## RECORDS TO PROCESS
★ ★ ★
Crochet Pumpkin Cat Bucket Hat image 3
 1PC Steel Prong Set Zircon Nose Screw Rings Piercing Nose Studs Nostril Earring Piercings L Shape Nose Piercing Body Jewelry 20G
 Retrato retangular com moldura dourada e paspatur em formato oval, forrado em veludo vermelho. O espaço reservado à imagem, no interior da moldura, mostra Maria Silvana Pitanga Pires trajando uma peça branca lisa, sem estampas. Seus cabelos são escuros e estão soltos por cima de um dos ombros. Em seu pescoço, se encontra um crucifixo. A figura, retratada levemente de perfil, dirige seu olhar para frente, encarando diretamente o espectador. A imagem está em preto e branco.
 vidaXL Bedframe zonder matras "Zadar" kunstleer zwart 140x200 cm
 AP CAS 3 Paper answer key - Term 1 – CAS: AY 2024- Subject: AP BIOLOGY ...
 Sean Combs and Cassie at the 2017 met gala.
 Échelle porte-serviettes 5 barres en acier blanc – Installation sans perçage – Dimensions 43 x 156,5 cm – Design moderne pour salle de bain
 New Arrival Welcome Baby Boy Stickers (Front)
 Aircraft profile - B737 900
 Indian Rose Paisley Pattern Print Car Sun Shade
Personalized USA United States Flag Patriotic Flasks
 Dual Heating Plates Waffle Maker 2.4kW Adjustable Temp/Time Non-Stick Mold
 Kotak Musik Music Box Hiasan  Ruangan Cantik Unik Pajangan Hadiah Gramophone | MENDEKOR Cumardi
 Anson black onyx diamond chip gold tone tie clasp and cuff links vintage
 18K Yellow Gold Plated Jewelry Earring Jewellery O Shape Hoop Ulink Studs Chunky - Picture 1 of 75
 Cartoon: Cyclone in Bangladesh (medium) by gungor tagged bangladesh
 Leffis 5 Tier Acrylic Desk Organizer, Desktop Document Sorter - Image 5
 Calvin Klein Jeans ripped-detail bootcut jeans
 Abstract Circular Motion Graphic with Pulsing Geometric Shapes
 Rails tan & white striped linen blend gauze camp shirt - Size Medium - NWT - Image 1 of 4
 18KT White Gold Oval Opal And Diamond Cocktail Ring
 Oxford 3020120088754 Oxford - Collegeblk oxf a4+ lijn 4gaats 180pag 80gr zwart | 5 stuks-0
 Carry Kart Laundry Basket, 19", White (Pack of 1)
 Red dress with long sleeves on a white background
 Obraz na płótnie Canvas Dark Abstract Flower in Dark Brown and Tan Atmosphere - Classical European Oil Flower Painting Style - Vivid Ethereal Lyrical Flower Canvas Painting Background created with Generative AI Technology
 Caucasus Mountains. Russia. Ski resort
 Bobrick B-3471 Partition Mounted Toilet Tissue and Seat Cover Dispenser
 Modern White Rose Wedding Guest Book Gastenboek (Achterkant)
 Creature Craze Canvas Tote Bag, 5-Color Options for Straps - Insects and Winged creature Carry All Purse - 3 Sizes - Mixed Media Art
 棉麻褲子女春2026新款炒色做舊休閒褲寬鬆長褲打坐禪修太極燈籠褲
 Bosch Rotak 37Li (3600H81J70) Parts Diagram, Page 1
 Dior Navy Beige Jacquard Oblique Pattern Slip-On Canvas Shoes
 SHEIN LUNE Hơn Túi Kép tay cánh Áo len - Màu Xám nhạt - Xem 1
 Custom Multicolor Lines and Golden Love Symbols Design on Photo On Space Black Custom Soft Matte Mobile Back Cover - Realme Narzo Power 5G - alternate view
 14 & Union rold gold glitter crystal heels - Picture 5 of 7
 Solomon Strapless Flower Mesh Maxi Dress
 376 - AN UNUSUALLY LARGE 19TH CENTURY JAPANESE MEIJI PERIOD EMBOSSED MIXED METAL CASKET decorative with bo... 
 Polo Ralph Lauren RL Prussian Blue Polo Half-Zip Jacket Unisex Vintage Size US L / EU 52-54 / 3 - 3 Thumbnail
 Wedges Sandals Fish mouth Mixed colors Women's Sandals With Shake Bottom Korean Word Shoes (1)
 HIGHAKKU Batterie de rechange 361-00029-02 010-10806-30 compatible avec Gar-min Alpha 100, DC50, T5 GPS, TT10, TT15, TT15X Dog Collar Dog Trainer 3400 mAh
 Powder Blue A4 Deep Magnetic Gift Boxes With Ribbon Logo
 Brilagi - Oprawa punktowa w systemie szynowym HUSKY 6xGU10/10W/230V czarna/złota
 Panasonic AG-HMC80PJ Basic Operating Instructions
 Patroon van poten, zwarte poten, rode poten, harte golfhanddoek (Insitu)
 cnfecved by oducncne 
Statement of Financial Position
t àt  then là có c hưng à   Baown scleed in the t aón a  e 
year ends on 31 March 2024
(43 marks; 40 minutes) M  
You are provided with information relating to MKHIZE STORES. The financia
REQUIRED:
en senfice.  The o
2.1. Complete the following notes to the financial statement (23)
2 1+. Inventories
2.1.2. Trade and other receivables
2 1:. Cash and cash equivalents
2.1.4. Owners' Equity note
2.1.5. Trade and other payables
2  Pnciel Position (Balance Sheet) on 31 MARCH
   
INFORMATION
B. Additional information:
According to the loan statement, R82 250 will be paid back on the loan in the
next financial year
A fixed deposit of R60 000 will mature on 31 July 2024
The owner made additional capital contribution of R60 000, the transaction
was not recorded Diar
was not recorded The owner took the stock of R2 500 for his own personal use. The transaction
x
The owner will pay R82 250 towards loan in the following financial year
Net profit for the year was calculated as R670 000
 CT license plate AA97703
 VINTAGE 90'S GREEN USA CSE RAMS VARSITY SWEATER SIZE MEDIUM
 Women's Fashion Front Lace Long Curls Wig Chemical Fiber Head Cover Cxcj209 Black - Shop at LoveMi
★ ★ ★
## YOUR ASSIGNMENT
Look back at the entries above. Retype the line with "Indian Rose Paisley", the line with "Red dress with", and all lines in between.

## COMPLETED EXERCISE
 Indian Rose Paisley Pattern Print Car Sun Shade
Personalized USA United States Flag Patriotic Flasks
 Dual Heating Plates Waffle Maker 2.4kW Adjustable Temp/Time Non-Stick Mold
 Kotak Musik Music Box Hiasan  Ruangan Cantik Unik Pajangan Hadiah Gramophone | MENDEKOR Cumardi
 Anson black onyx diamond chip gold tone tie clasp and cuff links vintage
 18K Yellow Gold Plated Jewelry Earring Jewellery O Shape Hoop Ulink Studs Chunky - Picture 1 of 75
 Cartoon: Cyclone in Bangladesh (medium) by gungor tagged bangladesh
 Leffis 5 Tier Acrylic Desk Organizer, Desktop Document Sorter - Image 5
 Calvin Klein Jeans ripped-detail bootcut jeans
 Abstract Circular Motion Graphic with Pulsing Geometric Shapes
 Rails tan & white striped linen blend gauze camp shirt - Size Medium - NWT - Image 1 of 4
 18KT White Gold Oval Opal And Diamond Cocktail Ring
 Oxford 3020120088754 Oxford - Collegeblk oxf a4+ lijn 4gaats 180pag 80gr zwart | 5 stuks-0
 Carry Kart Laundry Basket, 19", White (Pack of 1)
 Red dress with long sleeves on a white background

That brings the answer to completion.